For the record, I come from a Dominican-American family so my Spanish is passable but of course, I don’t speak a lick of Basque.  If you are looking for someone who speaks English in this city, perhaps you can count on the front desk manager at your hotel, that’s about it.  Lucky for us, there was one bar tender who we noticed was speaking Spanish so I was able to order our take for the night with her.

“Una bottella de sidra mas tipico, por favor.”  “A bottle of your home town cider please.”  I said the bartender.  She smiled, instantly recognizing by my accent that I wasn’t a native of Spain.  This often happens to me when I travel.  If I start to speak English in a place where English isn’t a common tongue, the waiters will act a little standoffish.  If I try to speak in the language of the people around me, they might know I am not from the area but they appreciate me giving an attempt and do everything they can to be accommodating.

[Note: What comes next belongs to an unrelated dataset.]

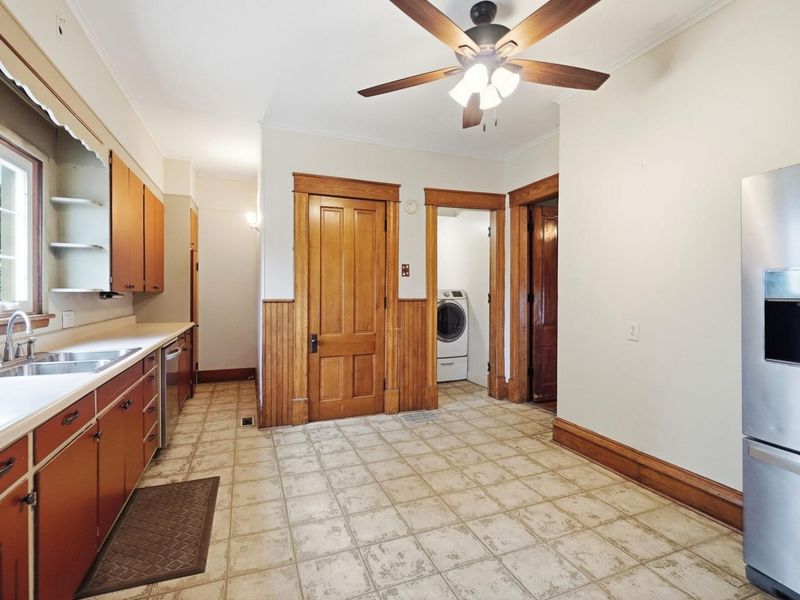410 W Pearl Street, Wapakoneta, OH 45895 Photo 15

Along with the cider, I ordered some warm tapas we were familiar with like ham croquettes for example, mixed in with some cold bread based dishes.  I had no idea what these were called, I just grabbed the plates from the counter like I was supposed to.  For three or four Euro a plate, I will pretty much eat anything.  We started eating the cold plates before the bartender came to the table with our cider and our hot plates.  She gave us two glasses but did not open the bottle.  I thought this was weird.  It took me an embarrassing five minutes to figure out how the bottle opener she gave us worked but I eventually got it and poured a glass for myself and my girlfriend.

My girlfriend tried it first.  Though someone who enjoys traveling as well, she tends to have a more selective pallet. It was like I had fed her rat poison.  She hated it.  She refused to drink anymore so there I was, forced to drink the entire bottle of cider myself.  I’ve faced much worse problems in my life so I didn’t complain.  Thankfully I loved the taste of cider.  It reminded me of the Apfelwein I tried in Frankfurt on a previous trip of Germany.  I have read that the Basque cider is an acquired taste.  I must have acquired it the second it touched my lips.

After we finished our meals and drinks, we spent a good half hour figuring out our plan of attack for paying.  I mentioned earlier that I had picked some random plates at the counter and now I had no idea what to tell the bartender as I did not know what they were called.  I devised a system where I would point at similar plates behind the counter and hopefully she would understand what I was saying.  I knew I would come off as ignorant but hopefully she would understand.

When I finally got the courage to go up and settle the bill, the bartender who served us saw me hesitating, smiled, pressed some buttons on the old cash register, and told me the price in Spanish.  Twenty Euros, not bad at all.  She knew we were tourists and had remembered exactly what he had been eating.  She was a life saver.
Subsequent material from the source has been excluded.